(Scraped caption text data)
________
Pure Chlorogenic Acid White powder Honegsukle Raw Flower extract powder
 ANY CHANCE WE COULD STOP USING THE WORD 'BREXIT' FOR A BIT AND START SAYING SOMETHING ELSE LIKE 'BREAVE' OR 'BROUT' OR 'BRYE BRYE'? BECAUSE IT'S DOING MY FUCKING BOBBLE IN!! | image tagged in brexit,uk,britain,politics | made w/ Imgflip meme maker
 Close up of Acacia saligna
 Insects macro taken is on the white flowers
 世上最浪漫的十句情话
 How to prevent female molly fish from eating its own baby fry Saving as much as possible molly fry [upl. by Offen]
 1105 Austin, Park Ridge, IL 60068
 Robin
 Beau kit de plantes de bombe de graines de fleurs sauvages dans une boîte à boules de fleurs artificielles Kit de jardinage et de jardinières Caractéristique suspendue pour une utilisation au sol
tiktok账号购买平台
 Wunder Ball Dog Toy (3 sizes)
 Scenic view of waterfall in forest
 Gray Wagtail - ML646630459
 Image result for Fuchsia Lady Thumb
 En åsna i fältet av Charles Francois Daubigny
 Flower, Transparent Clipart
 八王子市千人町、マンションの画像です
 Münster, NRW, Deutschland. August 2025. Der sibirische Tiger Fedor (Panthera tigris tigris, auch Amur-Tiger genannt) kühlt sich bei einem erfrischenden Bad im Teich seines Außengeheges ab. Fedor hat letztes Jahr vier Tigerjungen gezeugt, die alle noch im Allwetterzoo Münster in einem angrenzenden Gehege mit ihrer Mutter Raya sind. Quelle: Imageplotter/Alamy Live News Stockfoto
________
*About this task*: Find the line with "八王子市千人町、マンションの画像です". Transcribe it and every line after it exactly, through the end of the records above, and nothing else.

*Response to the exercise*:
 八王子市千人町、マンションの画像です
 Münster, NRW, Deutschland. August 2025. Der sibirische Tiger Fedor (Panthera tigris tigris, auch Amur-Tiger genannt) kühlt sich bei einem erfrischenden Bad im Teich seines Außengeheges ab. Fedor hat letztes Jahr vier Tigerjungen gezeugt, die alle noch im Allwetterzoo Münster in einem angrenzenden Gehege mit ihrer Mutter Raya sind. Quelle: Imageplotter/Alamy Live News Stockfoto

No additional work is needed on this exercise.